また、このデータから、同居中はどちらか一方に離婚への迷いがあったとしても、別居することによって急速に互いの気持ちが離婚へ傾き話し合いが進む傾向が読み取れます。別居をすることで、離婚後の生活がイメージしやすくなるからかもしれません。そして、裁判離婚では1年未満に離婚する夫婦の割合が約半分になっています。これは、裁判離婚となると、離婚成立までに1年以上の時間かかってしまうことが原因と思われます。たとえ、夫婦が離婚という選択をするにしても、裁判ではなく、夫婦間で話し合い協議離婚を選択することが離婚への一番の近道かもしれません。

別居するときの持ち物

別居するときに持っていくべきものについて、詳しく説明します。

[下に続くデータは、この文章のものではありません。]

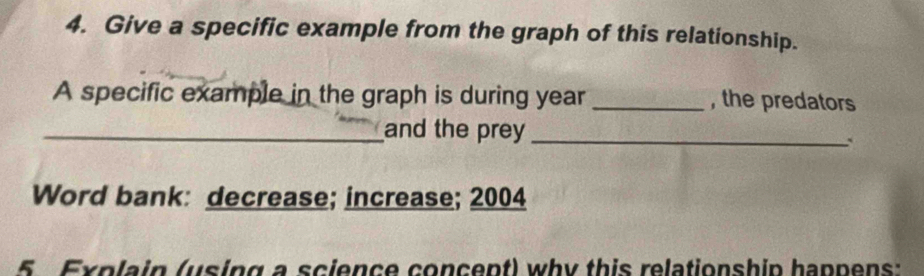 Give a specific example from the graph of this relationship. 
A specific example in the graph is during year _, the predators 
_and the prey_ 
` 
Word bank: decrease; increase; 2004
5 Explain (using a science concent) why this relationship happens:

別居するときは、自分の身分を証明できるものや、生活に必要なもの、子どものためのものなどを忘れずに持っていきましょう。具体的には以下のようなものがあります。

  • 現金
  • 自分名義の通帳・カード
  • 運転免許・パスポート・マイナンバーカード
  • 印鑑
  • 携帯電話
  • 健康保険証・年金証書
  • 配偶者名義の預貯金通帳のコピー
  • 財産に関する資料のコピー
  • 生活必需品
  • 子供の持ち物 など

財産について

配偶者名義の預貯金通帳のコピーは財産分与や婚姻費用請求の際に役にたちます。一旦別居してしまうと相手の財産について調べるのはとても困難です。財産に関する資料は相手に勝手に財産を処分されては大変です。別居の話を切り出す前に調べておくべきでしょう。別居前に確認しておきましょう。

別居理由が相手の不貞行為

別居理由が、相手の不貞行為(不倫・DVなど)の場合はその証拠も別居前に集め、持って出ましょう。今後配偶者や不倫相手に対して慰謝料請求するときの証拠として役に立ちます。

共有財産

結婚前から持っていたもの、自分のお金で購入したものは持ち出すことができますが、結婚後に購入したものは共有財産です。相手と話し合ったうえで持ち出しましょう。

子供の荷物や書類

自分が親権者になりたいと考えている場合は、子供と離れてはいけません。必ず連れていきましょう。万が一、調停や裁判で親権を争うことになった場合、同居している親が有利になるからです。その為、子供の荷物や学校関係の書類を忘れずに持っていきましょう。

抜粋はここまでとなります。